A maioria dos indivíduos que procuram fazer modulação hormonal ou tratamento para a reposição hormonal, estão correndo atrás de mais qualidade de vida e longevidade. As promessas são realmente muito atraentes, desvirtuando em alguns casos, o real papel da otimização hormonal.

Na verdade, não utilizo o termo modulação hormonal, e sim, terapia de reposição hormonal, já que o primeiro, passa a impressão de que estamos lidando com substâncias inocentes, e que dispensam acompanhamento do médico nutrólogo, endocrinologista, ou mesmo de um clínico geral com boa formação.
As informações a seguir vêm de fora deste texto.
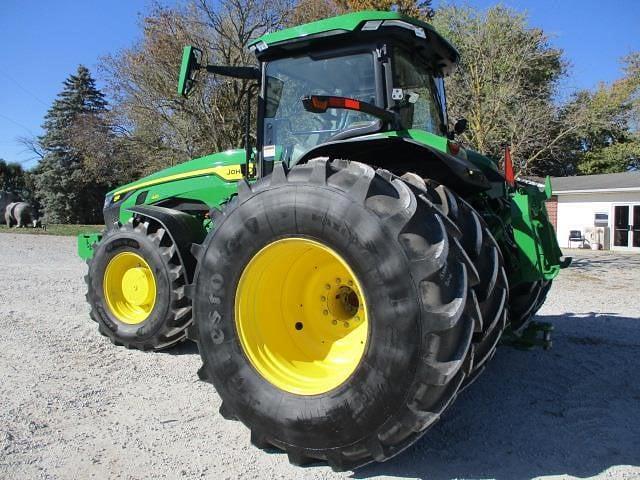 Image of John Deere 8R 410 equipment image 4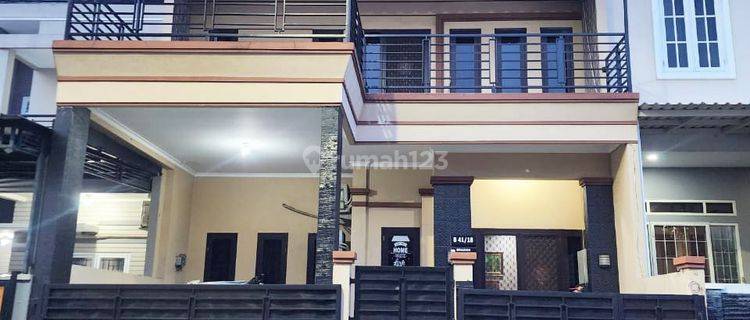 Rumah 3 Lantai Bagus SHM di Banjar Wijaya Tangerang  1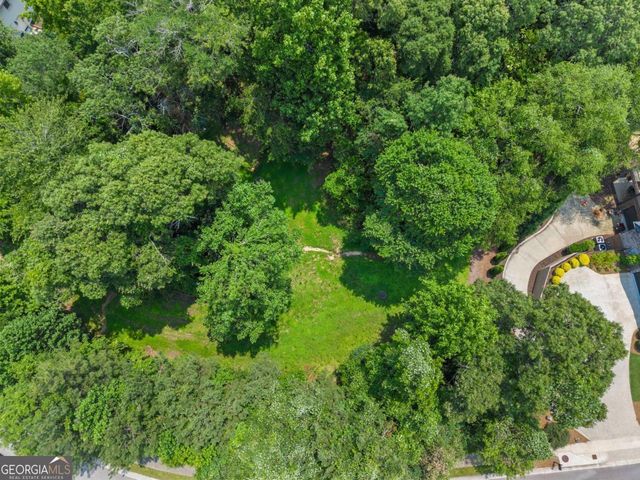 1748 Oak Tree Hollow, Gainesville, GA 30501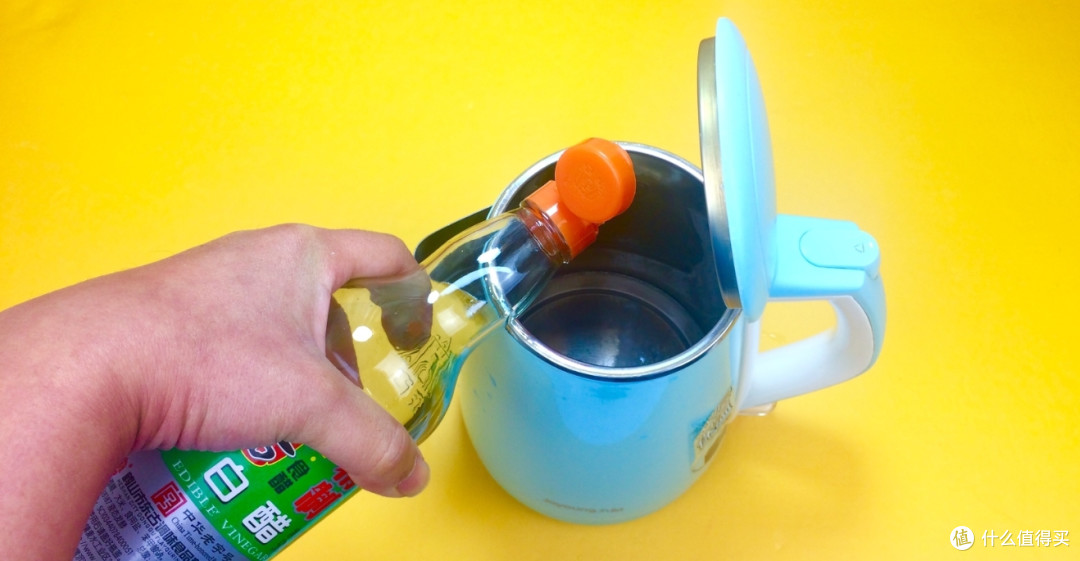 无论水壶的水垢有多厚试试这5种方法不用钢丝球也轻松除水垢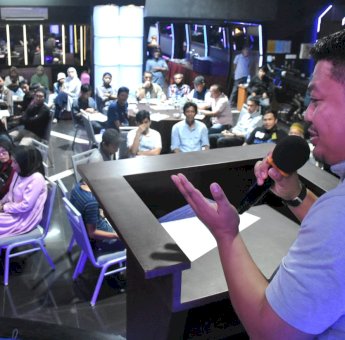 Bahas Perda Perlindungan Guru, Ari Ashari Ilham Sebut Guru Wajib Dilindungi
O pico de produção hormonal, se dá na terceira década de vida, e a partir de então os níveis de hormônios começam a declinar, de forma gradual nos homens (testosterona e GH), e de maneira mais abrupta nas mulheres, com interrupção da síntese ovariana de estradiol, progesterona e também da testosterona, dando início a menopausa.

Entretanto, além dos hormônios sexuais, uma série de outros hormônios começam a cair com a idade, hormônios tireoideanos, hormônio do crescimento, hormônios adrenais…, sendo necessário um olhar atento do médico neste sentido.

Tratamento para reposição hormonal

Antes de indicar o tratamento através da reposição hormonal, a consulta junto ao endocrinologista precisa ser muito detalhada, ao ponto de identificar sinais e sintomas de desequilíbrios hormonais, através da história clínica e exame físico completo.

As queixas ligadas a falta de hormônios são as mais variadas possíveis. Destaco:

  1. Redução da força e perda muscular
  2. Diminuição da libido
  3. Ganho de peso
  4. Alterações do humor
  5. Depressão e má qualidade do sono
  6. Ressecamento vaginal
  7. Piora do rendimento físico.

Importância da avaliação laboratorial

A avaliação laboratorial é fundamental, as dosagens hormonais devem ser solicitadas de rotina. A interpretação dos vários exames pode trazer novas informações, confirmar outras, e permitir um acompanhamento muito mais seguro e maior eficiência do tratamento.

Paramos por aí?

Nada disso. Não é somente começar a repor hormônios. Como disse antes, a consulta precisa ser longa e investigativa. As deficiências hormonais podem ser reflexo da má qualidade do sono, da dieta, do excesso de peso, dos níveis de stress, da deficiência de vitaminas, da falta de exercício físico, entre outros.

Mas, quando a reposição hormonal for realmente indicada, os resultados com o tratamento são rápidos, seguros e trazem ganhos expressivos para a qualidade de vida.

Tipos de hormônios utilizados:

Hormônios bioidênticos

Apresentam estrutura molecular idêntica aos hormônios produzidos pelo nosso próprio corpo. Isso não quer dizer que são isentos de riscos, porém, o uso de hormônios bioidênticos traria maios segurança para o tratamento.

Ex. testosterona, estradiol, estriol, tiroxina, progesterona, pregnenolona, GH…

Hormônios sintéticos

São parecidos estruturalmente com os hormônios naturais, mas não idênticos.

Ex. estrógenos conjugados, medroxiprogesterona…

O acompanhamento do paciente deve ser frequente,  geralmente a cada 2 a 3 meses, no início de tratamento, e espaçando-se com o tempo.